_Assignment_:
An exact transcript of the records is what this task asks for.

(Brief descriptive captions)
....

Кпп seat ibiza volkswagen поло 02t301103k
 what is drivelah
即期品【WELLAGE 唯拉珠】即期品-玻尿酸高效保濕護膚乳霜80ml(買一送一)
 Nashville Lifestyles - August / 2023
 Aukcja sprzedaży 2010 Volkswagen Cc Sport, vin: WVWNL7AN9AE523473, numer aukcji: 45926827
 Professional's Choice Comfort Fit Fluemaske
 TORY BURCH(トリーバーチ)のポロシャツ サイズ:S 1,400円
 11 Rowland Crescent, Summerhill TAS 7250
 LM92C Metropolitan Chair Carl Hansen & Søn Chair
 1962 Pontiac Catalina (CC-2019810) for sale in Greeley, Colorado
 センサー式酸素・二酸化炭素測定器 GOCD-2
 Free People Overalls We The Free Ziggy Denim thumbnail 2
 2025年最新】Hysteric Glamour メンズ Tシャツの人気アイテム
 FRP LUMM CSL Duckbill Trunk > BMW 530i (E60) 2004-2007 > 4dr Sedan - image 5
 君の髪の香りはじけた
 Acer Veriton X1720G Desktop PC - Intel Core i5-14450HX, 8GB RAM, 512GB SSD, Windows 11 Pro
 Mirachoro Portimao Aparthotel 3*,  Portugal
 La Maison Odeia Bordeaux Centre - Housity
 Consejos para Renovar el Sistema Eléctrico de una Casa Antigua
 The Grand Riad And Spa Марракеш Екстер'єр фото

....

_Expected answer_:
Кпп seat ibiza volkswagen поло 02t301103k
 what is drivelah
即期品【WELLAGE 唯拉珠】即期品-玻尿酸高效保濕護膚乳霜80ml(買一送一)
 Nashville Lifestyles - August / 2023
 Aukcja sprzedaży 2010 Volkswagen Cc Sport, vin: WVWNL7AN9AE523473, numer aukcji: 45926827
 Professional's Choice Comfort Fit Fluemaske
 TORY BURCH(トリーバーチ)のポロシャツ サイズ:S 1,400円
 11 Rowland Crescent, Summerhill TAS 7250
 LM92C Metropolitan Chair Carl Hansen & Søn Chair
 1962 Pontiac Catalina (CC-2019810) for sale in Greeley, Colorado
 センサー式酸素・二酸化炭素測定器 GOCD-2
 Free People Overalls We The Free Ziggy Denim thumbnail 2
 2025年最新】Hysteric Glamour メンズ Tシャツの人気アイテム
 FRP LUMM CSL Duckbill Trunk > BMW 530i (E60) 2004-2007 > 4dr Sedan - image 5
 君の髪の香りはじけた
 Acer Veriton X1720G Desktop PC - Intel Core i5-14450HX, 8GB RAM, 512GB SSD, Windows 11 Pro
 Mirachoro Portimao Aparthotel 3*,  Portugal
 La Maison Odeia Bordeaux Centre - Housity
 Consejos para Renovar el Sistema Eléctrico de una Casa Antigua
 The Grand Riad And Spa Марракеш Екстер'єр фото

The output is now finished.